O cão Krypto, inspirado no próprio cachorro de Gunn, é outro destaque. A capacidade de Gunn de integrar esse elemento e torná-lo fundamental demonstra que nada está fora dos limites quando se trata de adaptar décadas de histórias da DC Comics. Ao contrário de outras adaptações que tratam elementos da Era de Ouro e Prata com ironia, Superman os abraça, tornando-os um segredo e o coração do filme.

Gunn sempre se destacou na criação de cenas de ação que testam os limites dos personagens e impulsionam a narrativa. No entanto, em alguns momentos, a ação se torna excessiva, como nas cenas com Maria Gabriela de Faría como Engenheira. A personagem, que possui nanotecnologia, acaba sendo visualmente pouco atraente.

Um elemento surpreendente é a forma como Luthor treina Ultraman durante as lutas com o Superman. As cenas intercaladas entre a sala de controle de Luthor e os contra-ataques na tela poderiam ser repetitivas, mas Gunn garante energia e precisão na edição.

O sucesso de Superman reside na capacidade de Gunn de abraçar os elementos dos quadrinhos sem se preocupar com o que pode parecer “legal” ou “realista”. Ele confia nos personagens e no universo, permitindo que o público aceite elementos fantásticos sem questionar.
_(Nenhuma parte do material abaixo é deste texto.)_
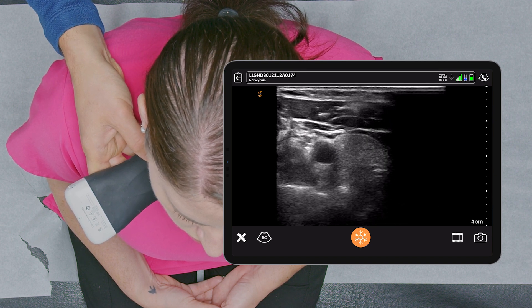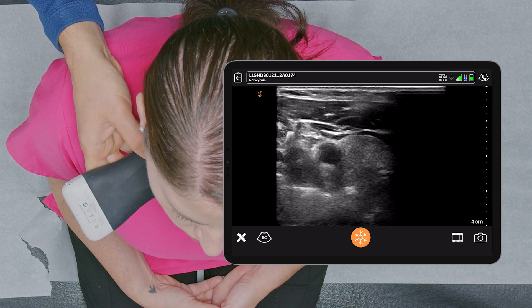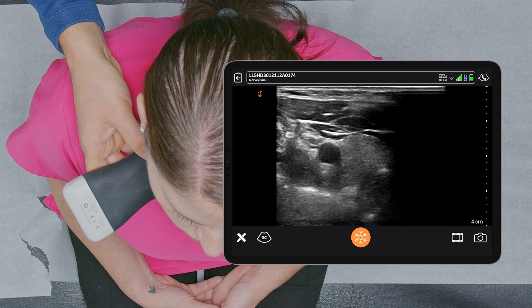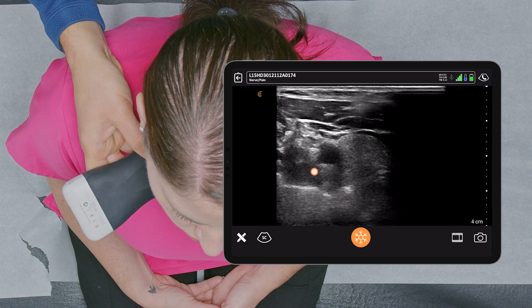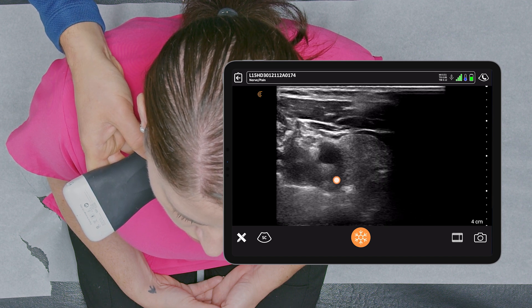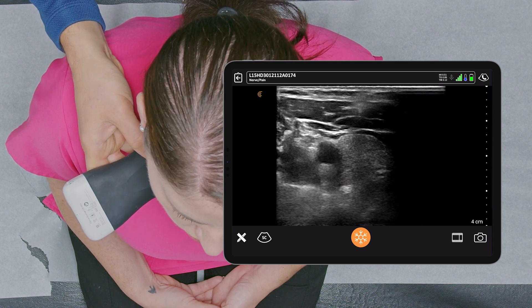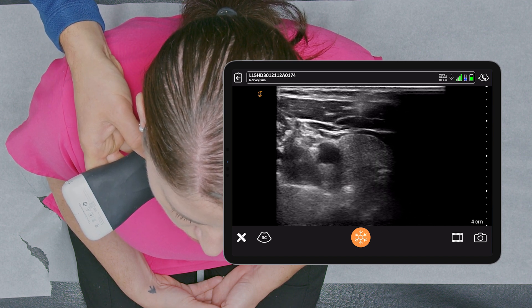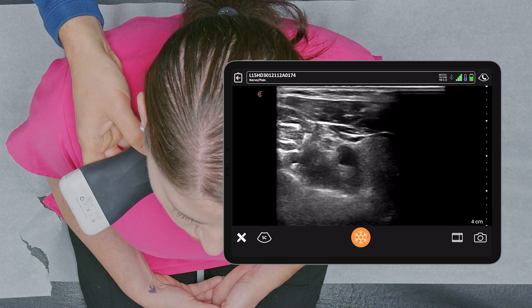The longus colli muscle is here, lying on top of the cervical transverse process at the bottom of the screen.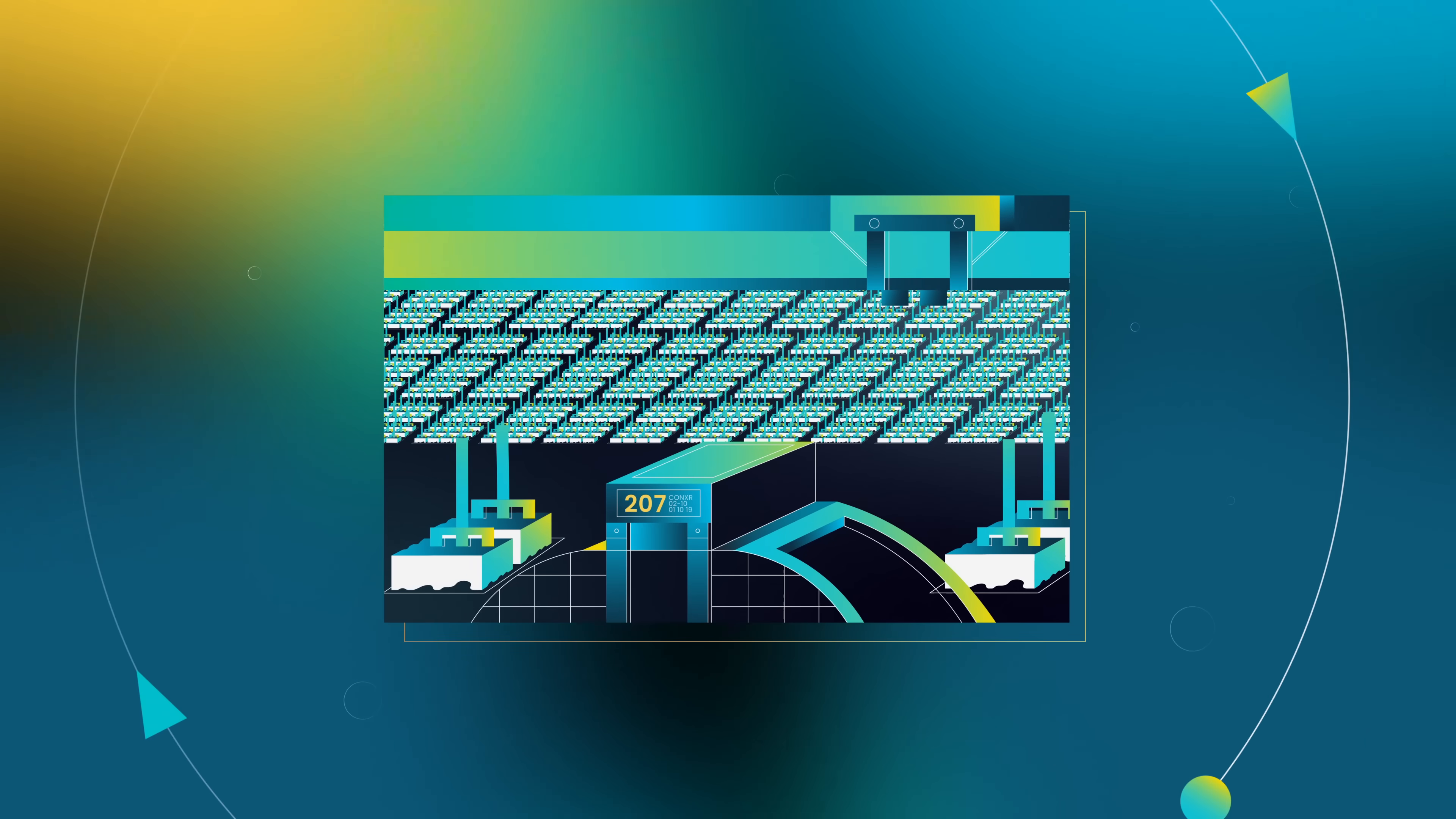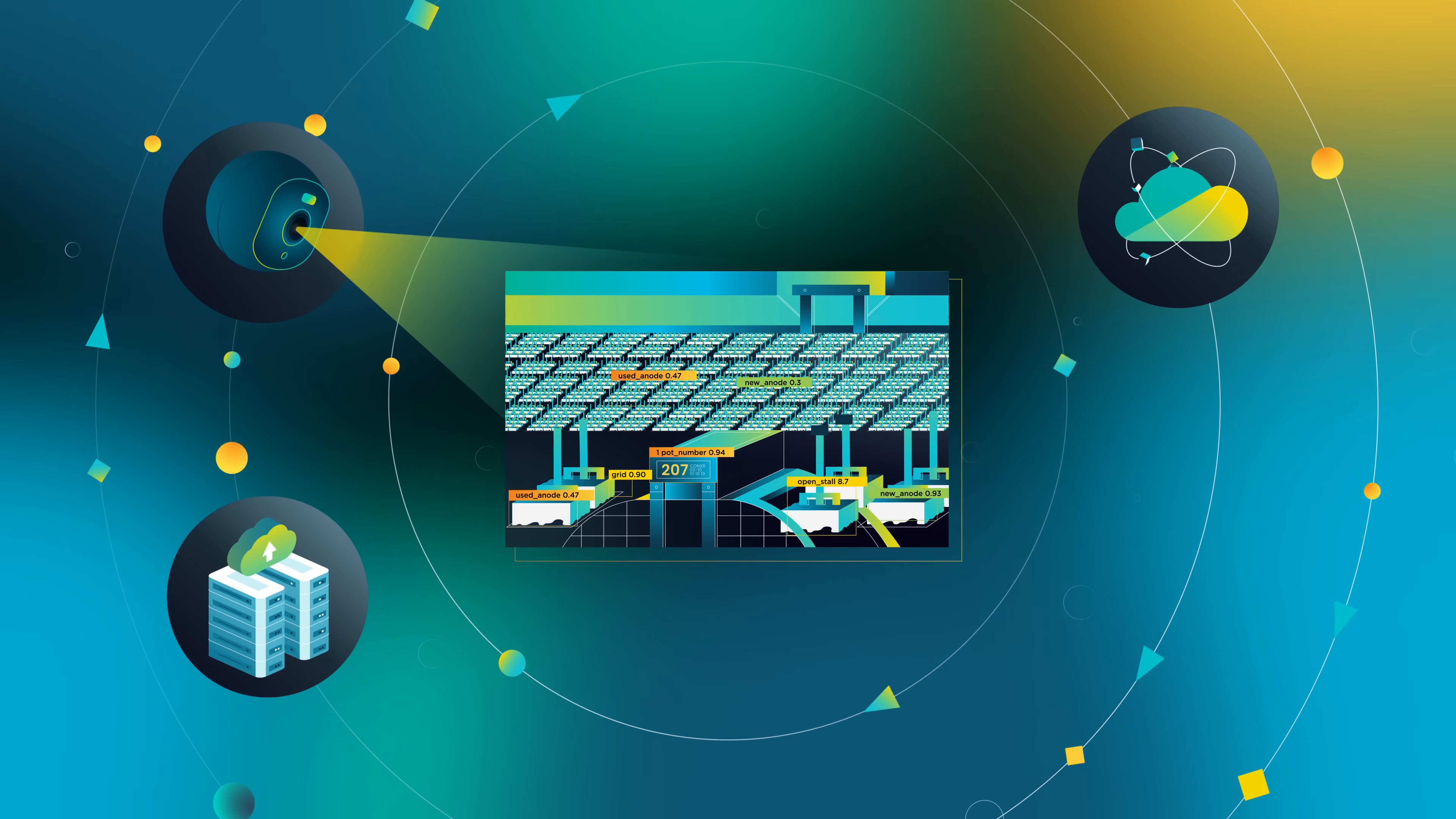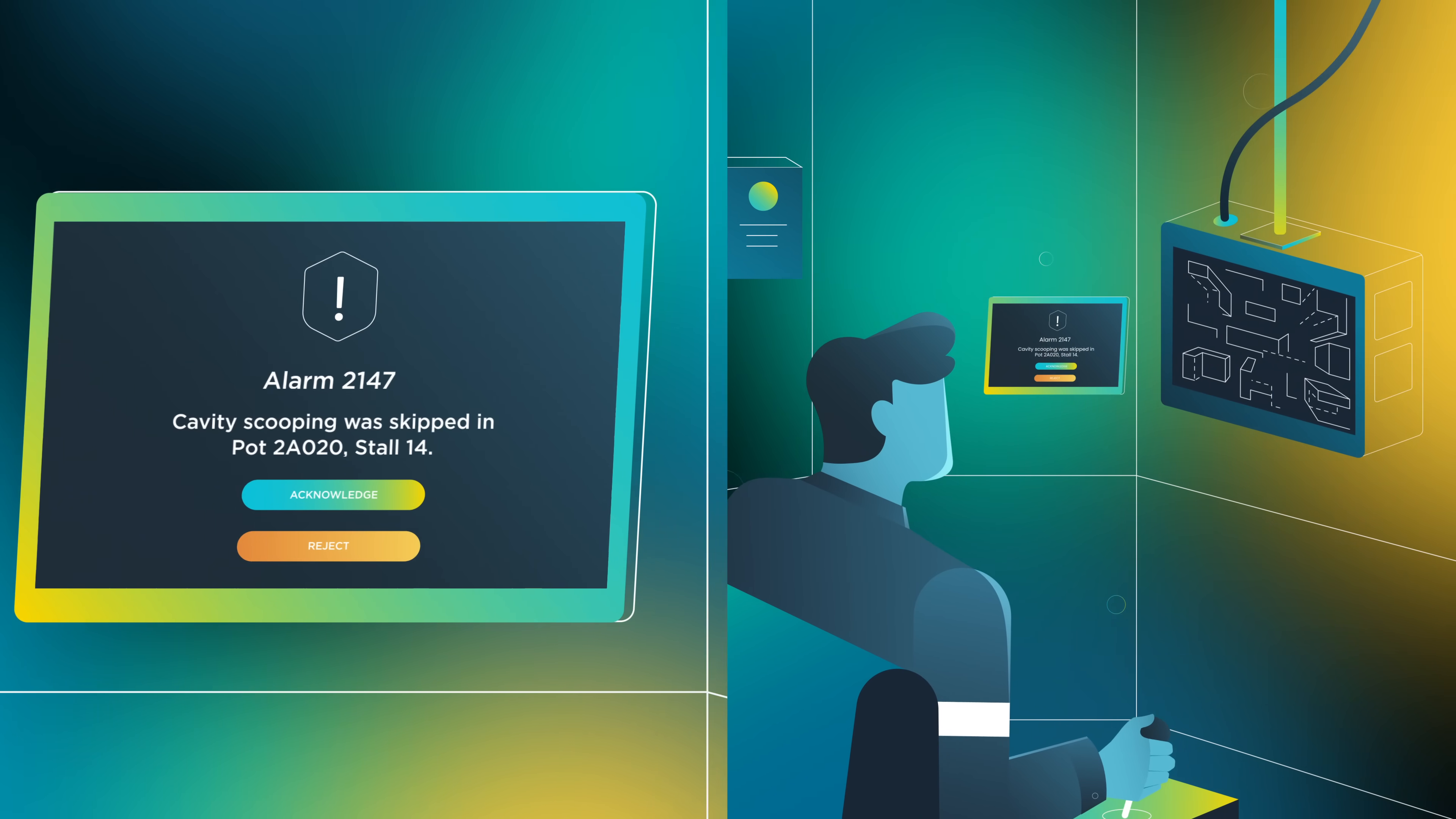But now, with AI supported by hybrid cloud and edge computing, we've changed the game with a co-pilot that gives us full digital visibility of our operations and enables us to execute each task perfectly.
Como em seus outros filmes, Superman tem um elenco perfeito, cenas de ação estilosas e a confiança que muitos fãs da DC esperavam ver em live-action.

Em um momento de fadiga em relação a filmes de super-heróis, Superman surge como um antídoto, lembrando o motivo pelo qual esse subgênero dominou Hollywood por mais de uma década.